Turkey is reportedly threatening to delay the ratification of North Macedonia’s NATO accession protocol if the Balkan country does not extradite 15 Turkish nationals Ankara accuses of taking part in a failed coup in 2016, Kathimerini reports.
According to the newspaper, Ankara insists that the 15 Turkish nationals are members of a network run by self-exiled cleric Fethullah Gulen, who it says masterminded the coup attempt.
Following the signing of the Prespes agreement with Greece in June last year, NATO member-states’ permanent representatives signed a protocol on the accession of North Macedonia to the alliance in February this year. But Ankara’s threat could now stall North Macedonia’s bid to join the North Atlantic alliance. The issue was also raised by Turkish Defense Minister Hulusi Akar during his visit to Skopje on April 3. During a recent visit to neighboring Kosovo Akar made extradition requests for other Turkish nationals also accused of being Gulenists, the Greek newspaper said.

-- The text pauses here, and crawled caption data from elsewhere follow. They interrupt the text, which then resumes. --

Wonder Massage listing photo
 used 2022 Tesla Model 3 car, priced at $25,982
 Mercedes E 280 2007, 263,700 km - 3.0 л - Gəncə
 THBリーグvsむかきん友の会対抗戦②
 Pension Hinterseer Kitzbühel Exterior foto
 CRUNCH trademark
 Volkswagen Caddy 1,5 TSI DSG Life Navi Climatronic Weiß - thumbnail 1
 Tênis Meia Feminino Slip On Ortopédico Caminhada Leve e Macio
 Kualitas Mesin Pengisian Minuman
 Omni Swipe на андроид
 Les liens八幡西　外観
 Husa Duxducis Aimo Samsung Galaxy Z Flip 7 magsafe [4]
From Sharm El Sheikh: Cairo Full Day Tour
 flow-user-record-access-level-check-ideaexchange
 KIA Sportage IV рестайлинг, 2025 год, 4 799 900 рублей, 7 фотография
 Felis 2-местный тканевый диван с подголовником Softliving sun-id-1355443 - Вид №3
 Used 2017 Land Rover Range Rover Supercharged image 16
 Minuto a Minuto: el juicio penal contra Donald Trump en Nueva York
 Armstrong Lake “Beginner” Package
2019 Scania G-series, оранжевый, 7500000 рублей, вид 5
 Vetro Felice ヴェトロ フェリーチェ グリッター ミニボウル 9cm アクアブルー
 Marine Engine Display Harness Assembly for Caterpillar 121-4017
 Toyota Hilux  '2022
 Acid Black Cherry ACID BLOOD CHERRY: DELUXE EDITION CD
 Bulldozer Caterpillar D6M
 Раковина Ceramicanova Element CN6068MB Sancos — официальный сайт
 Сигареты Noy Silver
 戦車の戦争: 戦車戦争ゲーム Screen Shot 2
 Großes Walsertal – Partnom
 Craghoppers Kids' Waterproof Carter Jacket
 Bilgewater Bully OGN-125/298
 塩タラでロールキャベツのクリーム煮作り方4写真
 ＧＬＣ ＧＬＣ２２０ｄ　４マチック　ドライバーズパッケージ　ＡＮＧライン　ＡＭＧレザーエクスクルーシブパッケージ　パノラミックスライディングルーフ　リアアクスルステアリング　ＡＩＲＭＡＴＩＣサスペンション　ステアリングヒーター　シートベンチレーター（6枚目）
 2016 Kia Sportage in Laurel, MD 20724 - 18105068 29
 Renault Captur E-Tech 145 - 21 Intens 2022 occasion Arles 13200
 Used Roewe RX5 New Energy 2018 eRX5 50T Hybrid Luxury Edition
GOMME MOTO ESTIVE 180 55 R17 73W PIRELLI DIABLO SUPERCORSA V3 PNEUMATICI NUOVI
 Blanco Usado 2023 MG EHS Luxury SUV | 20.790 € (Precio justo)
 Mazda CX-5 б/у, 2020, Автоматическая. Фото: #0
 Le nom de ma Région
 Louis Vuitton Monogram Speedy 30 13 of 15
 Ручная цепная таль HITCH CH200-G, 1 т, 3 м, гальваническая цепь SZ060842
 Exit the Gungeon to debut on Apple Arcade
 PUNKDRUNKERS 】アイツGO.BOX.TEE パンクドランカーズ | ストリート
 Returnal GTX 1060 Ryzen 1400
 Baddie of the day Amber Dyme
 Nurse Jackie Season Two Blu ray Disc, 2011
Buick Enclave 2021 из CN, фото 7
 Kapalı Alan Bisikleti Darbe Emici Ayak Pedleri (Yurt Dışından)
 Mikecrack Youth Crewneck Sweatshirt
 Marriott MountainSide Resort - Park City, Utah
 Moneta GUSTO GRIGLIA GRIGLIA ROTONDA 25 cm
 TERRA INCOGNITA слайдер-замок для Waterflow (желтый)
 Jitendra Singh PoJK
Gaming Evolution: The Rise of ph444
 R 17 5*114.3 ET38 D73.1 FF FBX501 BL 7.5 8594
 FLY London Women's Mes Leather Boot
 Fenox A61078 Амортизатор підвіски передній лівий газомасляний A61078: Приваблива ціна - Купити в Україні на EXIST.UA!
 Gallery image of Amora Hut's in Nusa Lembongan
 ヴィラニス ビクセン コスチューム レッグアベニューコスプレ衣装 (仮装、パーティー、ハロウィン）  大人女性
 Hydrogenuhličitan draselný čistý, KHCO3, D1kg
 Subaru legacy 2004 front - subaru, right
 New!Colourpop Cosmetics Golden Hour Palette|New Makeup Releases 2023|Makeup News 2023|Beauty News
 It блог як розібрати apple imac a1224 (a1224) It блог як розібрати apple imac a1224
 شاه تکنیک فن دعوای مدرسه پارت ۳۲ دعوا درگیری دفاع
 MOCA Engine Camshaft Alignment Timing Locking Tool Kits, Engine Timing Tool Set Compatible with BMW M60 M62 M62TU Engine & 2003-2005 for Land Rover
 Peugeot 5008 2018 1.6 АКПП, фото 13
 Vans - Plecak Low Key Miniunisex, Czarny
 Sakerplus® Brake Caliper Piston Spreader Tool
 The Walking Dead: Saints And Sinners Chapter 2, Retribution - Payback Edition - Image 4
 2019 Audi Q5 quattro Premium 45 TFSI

North Macedonia’s Prime Minister Zoran Zaev has rebuffed Ankara’s demands and has received backing from European Union officials, who also called on the government in Skopje to uphold the human rights of the 15 men. However, North Macedonia’s Defense Minister Radmila Sekerinska said during a recent television interview that, apart from other members of the North Atlantic alliance, her country also needs Turkey for the ratification of its NATO accession protocol, Kathimerini writes.
Ankara has been ratcheting up tensions with Athens since 2016 with regard to the fate of eight servicemen that Turkey accuses of participating in the coup who have been granted asylum in Greece.
In February of this year, Turkey’s state-run Anadolu news agency reported that the government in Ankara was offering a total of 5.6 million euros for the return of the eight officers.